**What you need to do**
The expected answer is the data below, printed verbatim without its pictures.

**Information supplied**
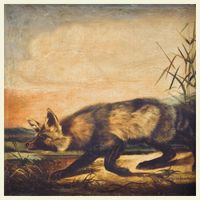 Cam Shortridge - Season of Dead Air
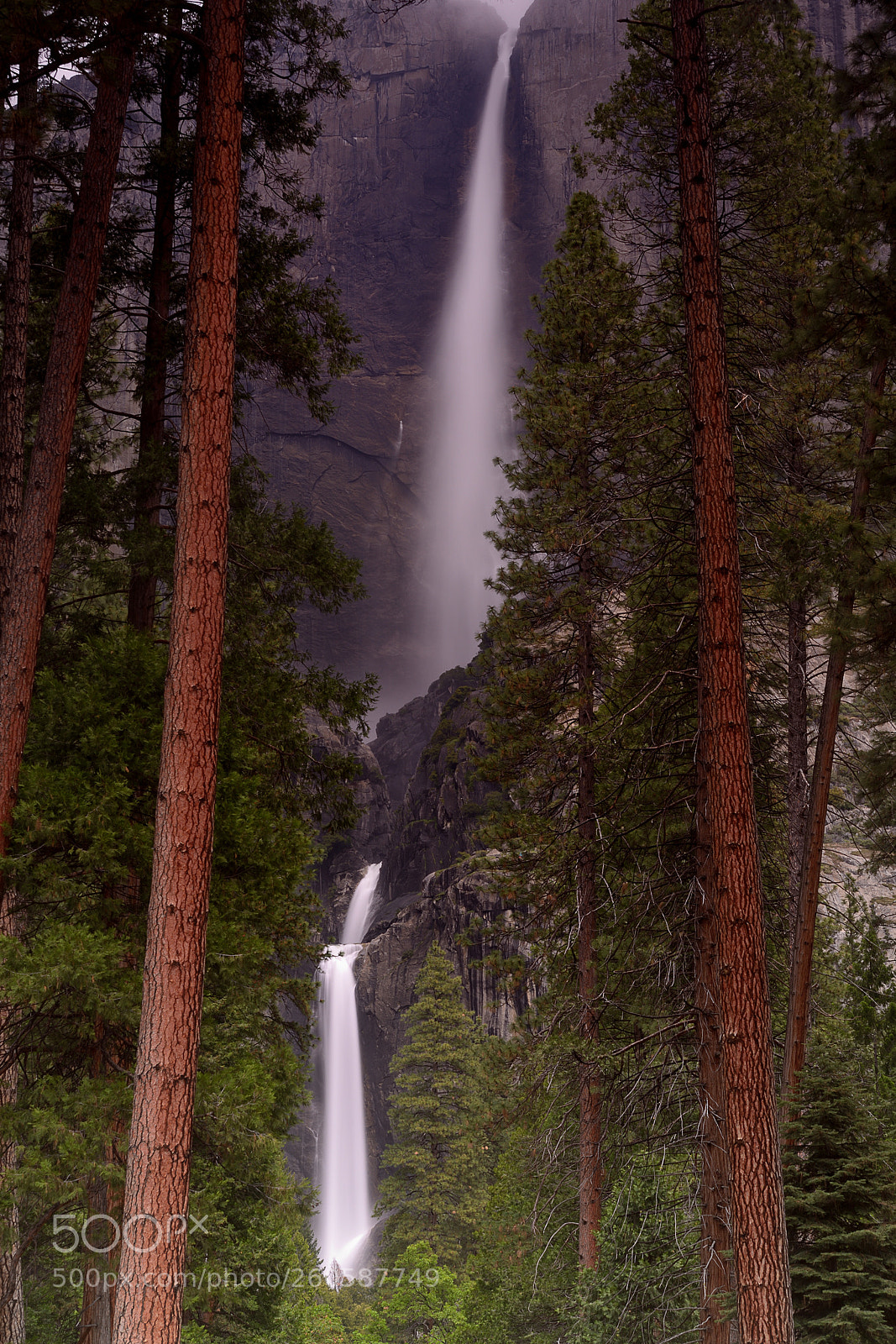 Nikon D800 sample photo. Yosemite falls photography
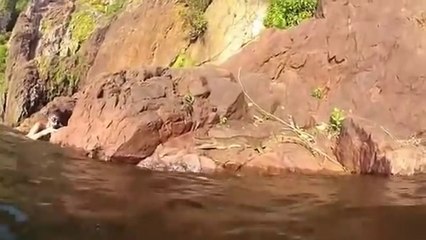 Un crocodile prend par surprise un nageur en lui sautant dessus...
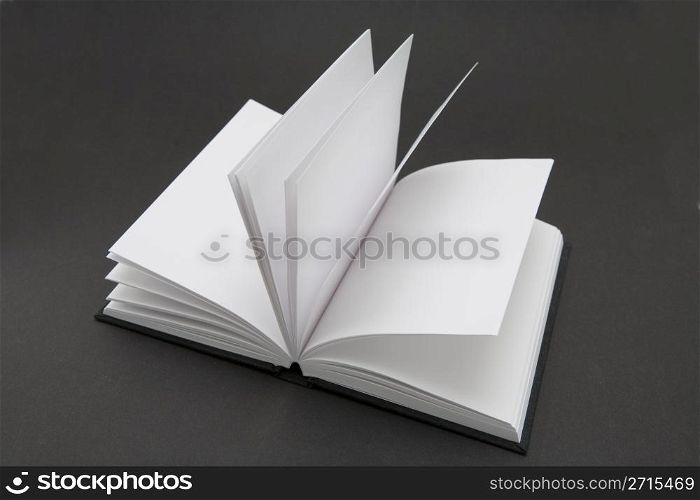 Small black book open with blank pages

**Response for this exercise**
 Cam Shortridge - Season of Dead Air
 Nikon D800 sample photo. Yosemite falls photography
 Un crocodile prend par surprise un nageur en lui sautant dessus...
 Small black book open with blank pages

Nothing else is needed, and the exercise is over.